BEGIN
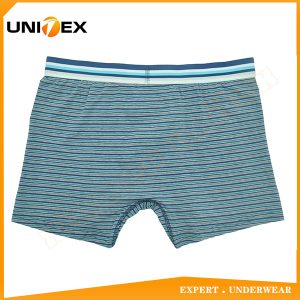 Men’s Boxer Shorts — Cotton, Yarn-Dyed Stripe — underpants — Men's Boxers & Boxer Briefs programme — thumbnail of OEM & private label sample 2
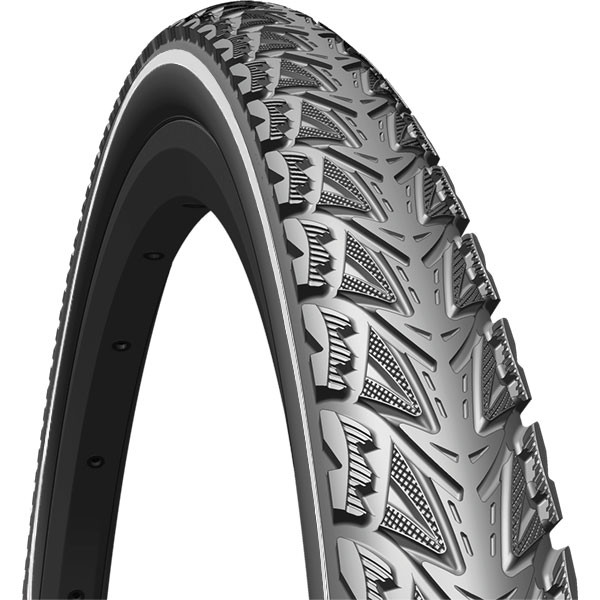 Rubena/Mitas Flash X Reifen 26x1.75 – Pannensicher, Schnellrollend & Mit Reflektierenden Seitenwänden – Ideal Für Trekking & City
END
BEGIN
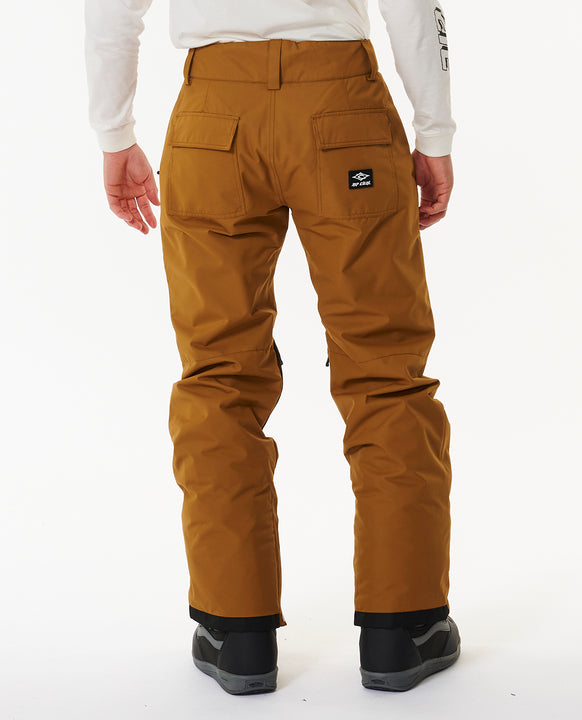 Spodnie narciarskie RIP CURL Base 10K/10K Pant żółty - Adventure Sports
END
YOUR TASK
When you reach the line with "Men’s Boxer Shorts" in the records above, start writing out each line exactly, and stop after the line with "Rubena/Mitas Flash X". Pictures stay out.

YOUR SOLUTION
 Men’s Boxer Shorts — Cotton, Yarn-Dyed Stripe — underpants — Men's Boxers & Boxer Briefs programme — thumbnail of OEM & private label sample 2
 Rubena/Mitas Flash X Reifen 26x1.75 – Pannensicher, Schnellrollend & Mit Reflektierenden Seitenwänden – Ideal Für Trekking & City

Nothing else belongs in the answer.